Shin'ya Nishida
Spatiotemporal properties
of motion perception for
random-check contrast modulation
Abstract:To clarify the mechanism of detecting the motion of contrast
modulations, the spatiotemporal properties of direction discrimination for
contrast motion were examined. The stimulus was a microbalanced
random stimulus (Chubb & Sperling, 1988, Journal of the Optical Society of
America, A5, 1986-2007), termed RWK (random window kinematogram), a
shifting random checkerboard pattern in which each check was either a
patch of random dots (uncorrelated between frames) or a patch of uniform
gray having the mean luminance of the random dots.
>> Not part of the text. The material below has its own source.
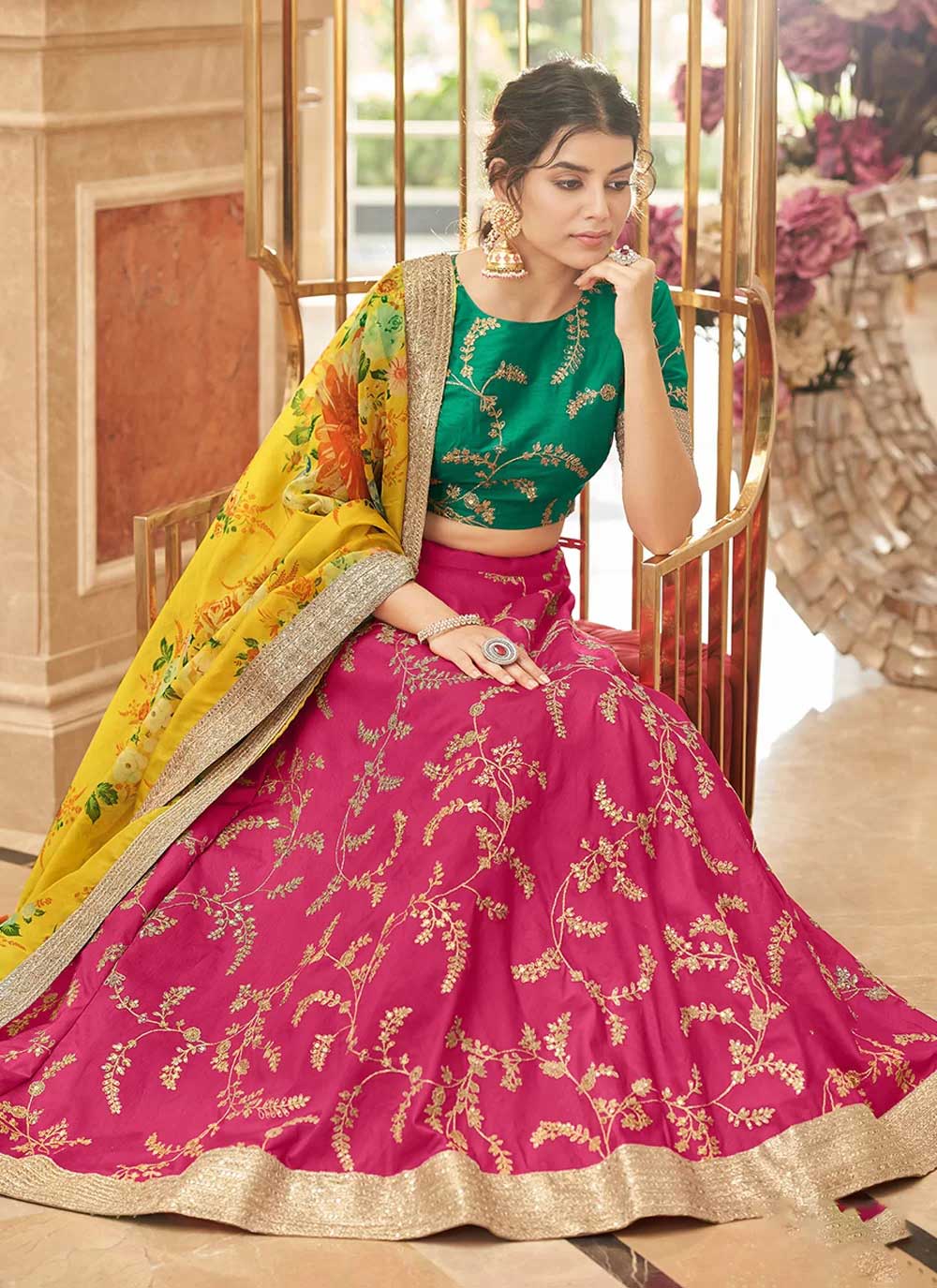 Sequins embroidered pink and yellow art silk lehenga choli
The effect of ED
(exposure duration) on RWK discrimination could be described as SOA
(stimulus onset asynchrony) dependency when the EDs of the first and
second frames were the same, but the performance was better than
predicted from SOA when the first ED was short while the second was long.
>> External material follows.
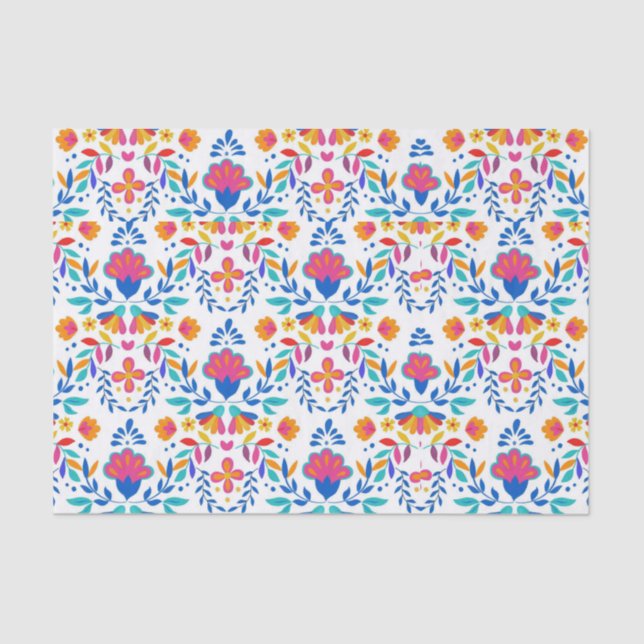 Mexican ethnic folk art floral pattern  tissue paper (Front)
RWK could be seen at longer inter-stimulus intervals than RDK (random
dot kinematogram) having similar stimulus parameters (e.g., check size,
effective contrast). Incoherent motion (e.g., reversed phi) could be seen for
RWK. The Dmax (maximum displacement limit) for RWK was comparable
to that of RDK, but it increased in proportion to the check size, while the
Dmax for RDK did not. These results suggest that, like the luminance
motion mechanism, the contrast motion mechanism extracts motion
locally, and its motion extraction stage can be modeled as a correlation-type
detector. Also, the spatial ranges of the contrast motion detectors are
comparable to those of the luminance motion detectors, but their temporal
range is larger. The preprocessing of the contrast motion detector may be
different from that assumed in the model proposed by Chubb & Sperling.